After the Hudson Bay Company ceased to use the manor as a recreation center, it was leased by a Mr. Horace Newton, the president of the Victoria Phoenix Brewery, who used the building to set up a camp for girls on the property. The girl's camp was run from 1925 until 1936.

The Manor was used to house the girls and they stayed on in dormitories of four to eight girls per room. Mr. Newton's camp was every weekend throughout the school year, and daily during the summer. One former camper, Jean Lamorte, remembers her year here very fondly. Mr. Newton was a kind man, making sure that the campers had every possible advantage during the Great Depression, when many children were not so fortunate. She fondly remembers being taught to swim, boat, horse ride and play lawn tennis at the site.

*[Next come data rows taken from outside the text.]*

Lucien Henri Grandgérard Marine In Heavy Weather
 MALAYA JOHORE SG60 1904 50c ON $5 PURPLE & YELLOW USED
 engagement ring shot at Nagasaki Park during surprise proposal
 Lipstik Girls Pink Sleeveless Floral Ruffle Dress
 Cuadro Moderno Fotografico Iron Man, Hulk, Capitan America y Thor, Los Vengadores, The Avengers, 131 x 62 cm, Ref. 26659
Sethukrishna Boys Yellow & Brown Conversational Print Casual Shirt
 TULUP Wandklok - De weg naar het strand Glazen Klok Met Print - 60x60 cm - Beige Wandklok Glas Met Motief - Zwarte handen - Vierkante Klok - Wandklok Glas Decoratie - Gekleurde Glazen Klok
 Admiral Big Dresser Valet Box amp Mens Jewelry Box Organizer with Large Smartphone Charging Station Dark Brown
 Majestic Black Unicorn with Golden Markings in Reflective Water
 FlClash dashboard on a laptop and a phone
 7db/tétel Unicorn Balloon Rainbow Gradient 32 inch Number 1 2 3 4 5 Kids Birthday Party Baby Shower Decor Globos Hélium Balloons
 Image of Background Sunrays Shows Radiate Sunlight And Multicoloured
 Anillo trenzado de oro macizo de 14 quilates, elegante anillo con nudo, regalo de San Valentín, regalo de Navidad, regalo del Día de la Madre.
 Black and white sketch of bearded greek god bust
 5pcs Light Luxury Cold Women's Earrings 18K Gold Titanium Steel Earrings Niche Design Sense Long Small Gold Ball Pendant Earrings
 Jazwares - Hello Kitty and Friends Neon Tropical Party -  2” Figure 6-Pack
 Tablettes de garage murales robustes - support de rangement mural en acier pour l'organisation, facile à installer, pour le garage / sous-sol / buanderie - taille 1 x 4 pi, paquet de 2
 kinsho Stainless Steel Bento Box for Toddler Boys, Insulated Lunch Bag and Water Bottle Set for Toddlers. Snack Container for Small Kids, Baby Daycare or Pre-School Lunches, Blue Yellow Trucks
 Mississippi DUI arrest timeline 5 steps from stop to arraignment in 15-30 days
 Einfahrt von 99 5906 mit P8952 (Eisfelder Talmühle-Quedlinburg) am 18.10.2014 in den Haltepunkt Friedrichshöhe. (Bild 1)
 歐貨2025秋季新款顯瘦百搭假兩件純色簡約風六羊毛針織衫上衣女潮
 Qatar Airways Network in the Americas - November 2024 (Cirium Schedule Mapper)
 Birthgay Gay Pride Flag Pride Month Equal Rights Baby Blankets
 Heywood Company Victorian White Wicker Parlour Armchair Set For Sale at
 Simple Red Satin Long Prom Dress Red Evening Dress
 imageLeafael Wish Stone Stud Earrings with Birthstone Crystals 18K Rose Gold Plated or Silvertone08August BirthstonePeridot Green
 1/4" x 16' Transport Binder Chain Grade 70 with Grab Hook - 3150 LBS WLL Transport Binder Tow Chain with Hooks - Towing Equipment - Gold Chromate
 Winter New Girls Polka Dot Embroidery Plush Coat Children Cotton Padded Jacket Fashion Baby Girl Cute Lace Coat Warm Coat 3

He paid for everything, and the girls had all that they needed provided before they even had to ask.

2

Jean Lamorte talks about being a camper at Mr. Newton's Girls Camp
9 July 2006
Craigflower, View Royal, Victoria, Canada
TEXT ATTACHMENT


3

Since it was the Great Depression, Mr. Newton was careful to make sure that there was always enough food for all of the girls, and they could help themselves. All meals required that the children ate two helpings, which was far more than most of them were accustomed to eating. At the time it was a struggle for many of them to eat so much more than they had at home! The dining room and kitchen were upstairs in the Manor, in the two back rooms that once had been bedrooms which belonged to the boys during the McKenzies' residence at Craigflower.

4

Following the era of Mr. Newton's camp the farm was taken from the Hudson's Bay Company in order to pay the back taxes owed to Esquimalt Township on all of the farms in their jurisdiction. At this point a lot of the farm had already been sold off in sections, so this meant that the whole property was no longer under the jurisdiction of the Hudson's Bay Company.